193

I used a variable with a lot of data in it, say String data. I wanted to use a small part of this string in the following way:

this.smallpart = data.substring(12,18);

After some hours of debugging (with a memory visualizer) I found out that the objects field smallpart remembered all the data from data, although it only contained the substring.

When I changed the code into:

this.smallpart = data.substring(12,18)+""; 

..the problem was solved! Now my application uses very little memory now!

How is that possible? Can anyone explain this? I think this.smallpart kept referencing towards data, but why?
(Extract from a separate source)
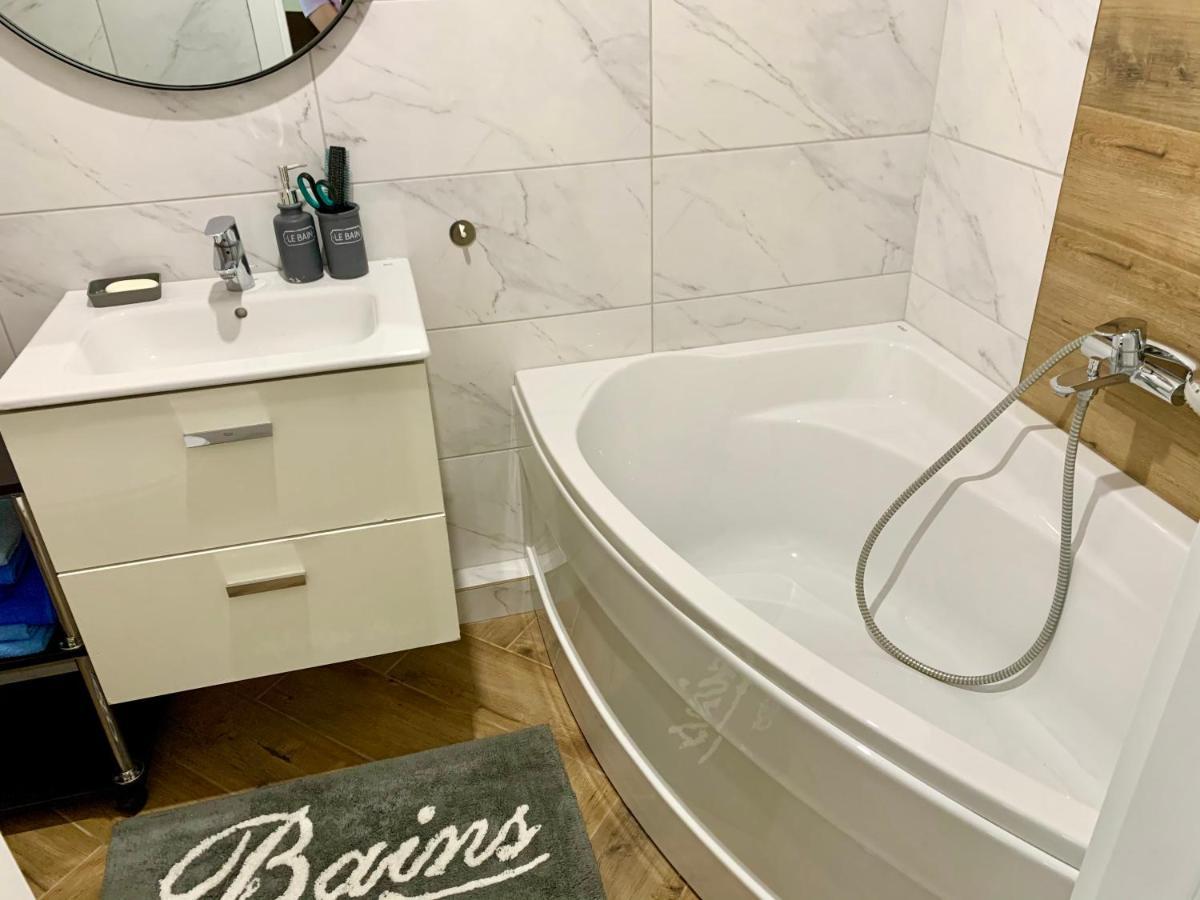 Luxury Pearl Odessa Apartment Bagian luar foto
UPDATE: How can I clear the big String then? Will data = new String(data.substring(0,100)) do the thing?

hsmit
  • 3,906
  • 7
  • 34
  • 46
  • Reading more about your ultimate intent below: Where does the large string come from in the first place? If read from a file or database CLOB or something then only reading what you need while parsing will be optimal all the way around. – PSpeed Jan 27 '10 at 23:07
  • 4
    Amazing...I am working in java more than 4 to 5 years, still this is new for me :). thanks for the info bro. – Parth May 21 '10 at 06:23
  • 1
    There is a subtlety to using `new String(String)`; see http://stackoverflow.com/a/390854/8946. – Lawrence Dol Jan 11 '13 at 00:52

9 Answers9

160

Doing the following:

data.substring(x, y) + ""

creates a new (smaller) String object, and throws away the reference to the String created by substring(), thus enabling garbage collection of this.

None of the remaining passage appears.